Aujourd'hui on met en scène un différend entre une Allemagne symbolisée par Angela Merkel, qui serait dure et intransigeante vis-à-vis de la Grèce, et une France qui, derrière François Hollande, serait plus compréhensive et de nature à vouloir tendre la main aux Grecs. Cependant, on s'aperçoit aujourd'hui que nos concitoyens penchent plutôt du côté de l'Allemagne, très majoritairement. C'était pourtant l'un des éléments qui faisaient le plus débat chez nous, le fait que ces politiques d'austérité étaient décidées depuis l'Allemagne, que cette potion amère n'était pas adaptée à la situation, que cela coûtait cher à la France en termes de croissance, de compétitivité et d'emploi etc. Ce discours a été très développé à gauche et à la gauche de la gauche. Dans le contexte actuelle, il est très intéressant de constater que quasiment les deux-tiers des Français trouvent l'attitude de l'Allemagne justifiée car la Grèce n'a pas respecté ses engagements. Il y a quelques jours Libération titrait sur la France "philhellène", pourtant on voit bien ici, concrètement, que ce n'est pas vrai, que la majorité de la population campe plutôt sur des positions dures, en rejetant plutôt la responsabilité sur la Grèce que sur l'Allemagne. L'idée d'une solidarité de "mauvais élève", d'une France qui se sentirait proche de la Grèce car elle n'arrive pas non plus à respecter ses engagements, n'a pas réellement de réalité dans les résultats du sondage.

62% des Français sont plutôt du côté de l'Allemagne dans ce bras de fer, avec bien évidemment des positions politiques très tranchées, 86% de l'électorat de droite est sur ce créneau-là. Cela colle aussi avec un certain nombre de déclaration des Républicains, qui soutiennent la ligne dure allemande. Ce qui est intéressant est que l'électorat socialiste est profondément divisé sur la question. Une courte majorité, 54%, a plutôt un discours de gauche, jugeant l'Allemagne trop instransigeante, conre 46%. Ce discours est déjà minoritaire dans le pays, mais en plus est contrebattu au sein même de l'électorat PS. Si on regarde en détails, les seuls qui tapent très fort sur l'Allemagne est l'électorat du Front de Gauche et celui des écologistes (64%). Au PS, le côté réformiste, social-libéral, est plutôt du côté de l'Allemagne, et l'aile traditionnelle plutôt pro-grecque. C'est un constat intéressant.

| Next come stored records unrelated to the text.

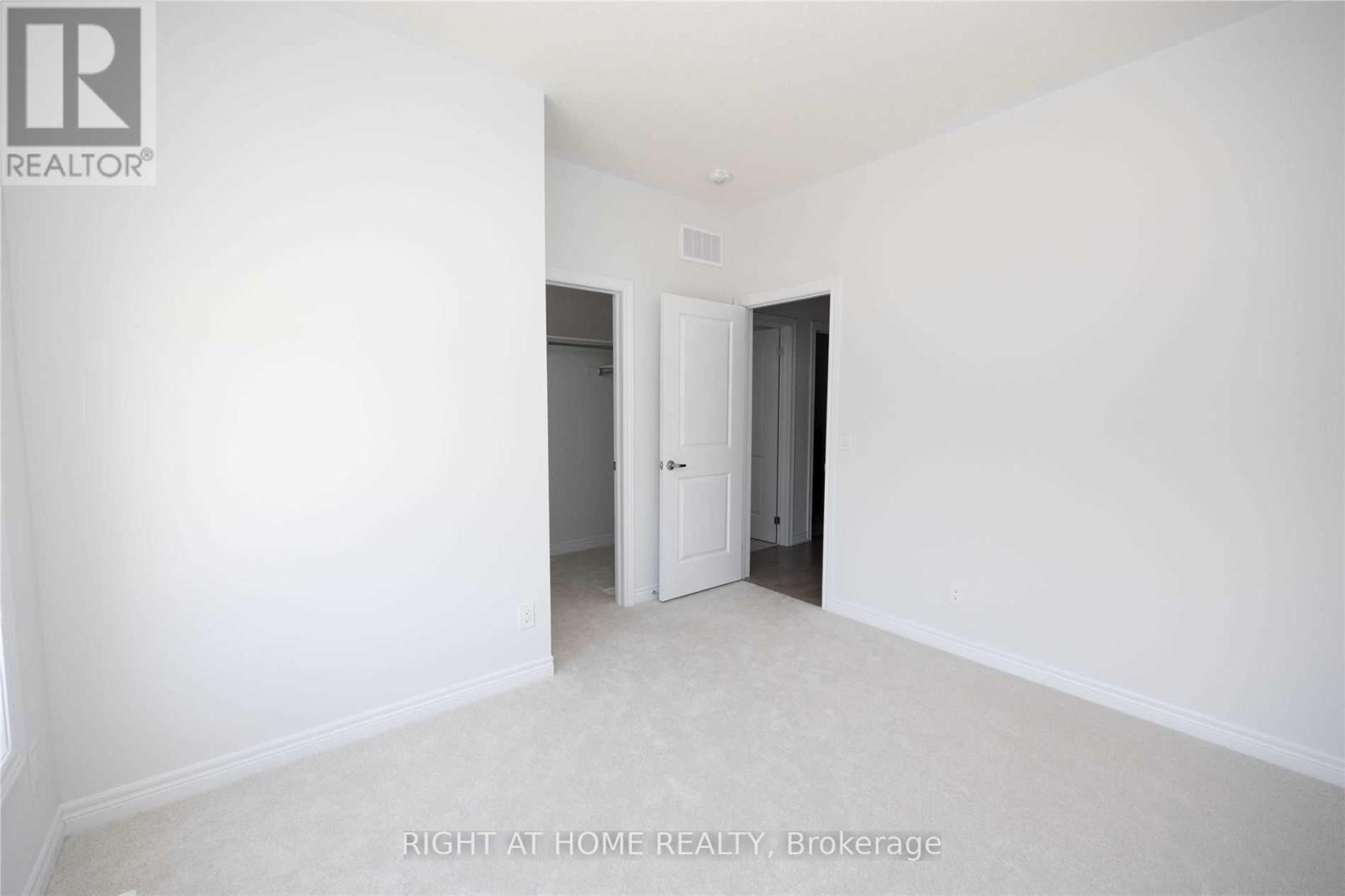 10 Sprucedale Way, Whitchurch-Stouffville, Ontario  L4A 4X3 - Photo 28 - N12386094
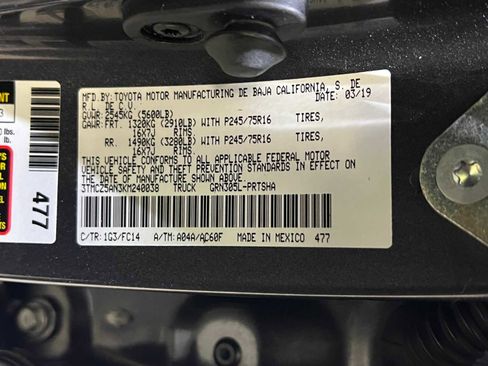 Used 2019 Toyota Tacoma SR5 image 28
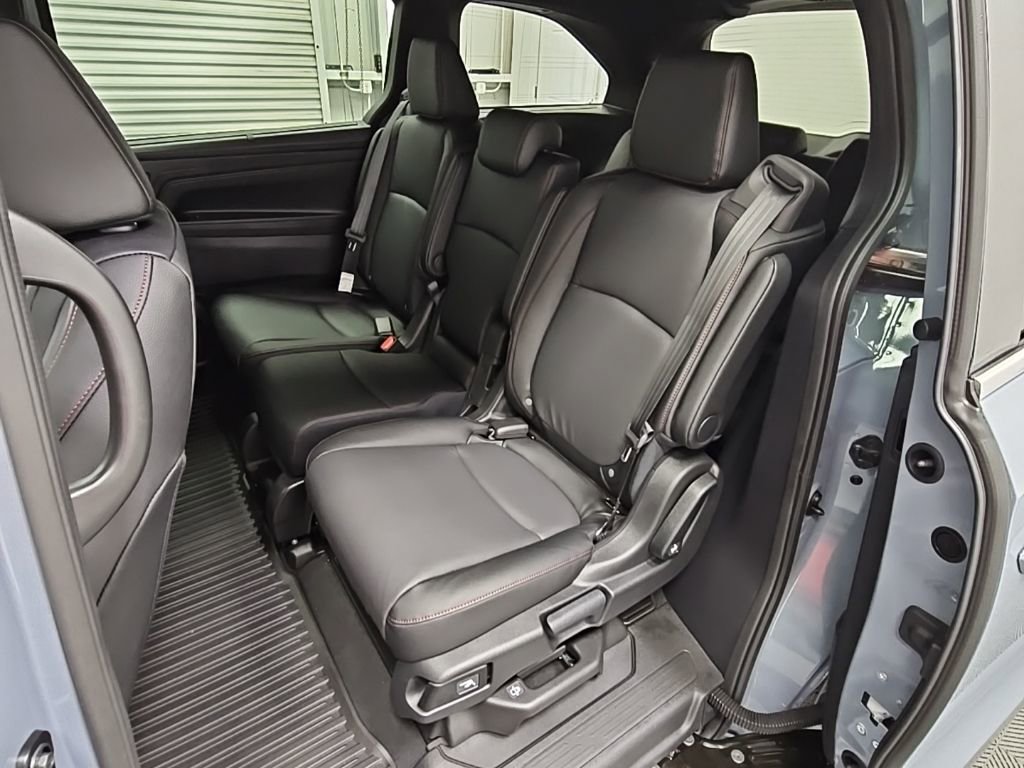 New 2026 Honda Odyssey Sport-L image 30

L'autre point d'intérêt, qui va à l'encontre de ce qu'on a pu entendre dans le discours politique, est ce qu'il se passe au Front national. L'électorat FN est aussi très massivement en faveur de l'Allemagne plutôt que de la Grèce, tout le discours sur la France à la remorque de l'Allemagne, la politique austéritaire mortifère, développé par Marine Le Pen et Florian Philippot est complétement inaudible dans l'électorat FN. Ce dernier pense qu'il ne faut rien laisser passer aux mauvais élèves. On comprend bien aussi le rétropédalage auquel on a assisté ces derniers jours de la part des leaders du Front. Si jamais la Grèce sortait de l'euro et que c'était le chaos dans le pays, cela serait la démonstration in vivo que la demande de sortie de l'euro prônée par Marine Le Pen conduit à un désastre économique et social, ainsi les élus FN rétropédalent au cas où. En plus de ce point, l'électorat frontiste n'est pas du tout en sympathie avec la population grecque et considère plutôt qu'elle doit rembourser l'argent prêté par la France.